● **SUPPLIED DATA**:
= = = = =
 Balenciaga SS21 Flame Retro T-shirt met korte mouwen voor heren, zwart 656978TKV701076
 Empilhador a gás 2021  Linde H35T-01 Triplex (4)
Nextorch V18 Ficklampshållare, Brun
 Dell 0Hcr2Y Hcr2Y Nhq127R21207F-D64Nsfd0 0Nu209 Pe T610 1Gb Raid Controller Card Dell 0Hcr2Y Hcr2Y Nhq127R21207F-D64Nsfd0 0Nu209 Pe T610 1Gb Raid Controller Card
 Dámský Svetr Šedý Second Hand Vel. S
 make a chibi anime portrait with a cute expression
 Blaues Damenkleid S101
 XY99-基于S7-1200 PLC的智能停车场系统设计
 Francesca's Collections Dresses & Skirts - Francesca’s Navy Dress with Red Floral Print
= = = = =
● **REQUIRED ACTION**: Write out, word for word, all lines from the line that holds "XY99-基于S7-1200 PLC的智能停车场系统设计" through the last line of the listing, with both end lines kept.

● **TASK RESULT**:
 XY99-基于S7-1200 PLC的智能停车场系统设计
 Francesca's Collections Dresses & Skirts - Francesca’s Navy Dress with Red Floral Print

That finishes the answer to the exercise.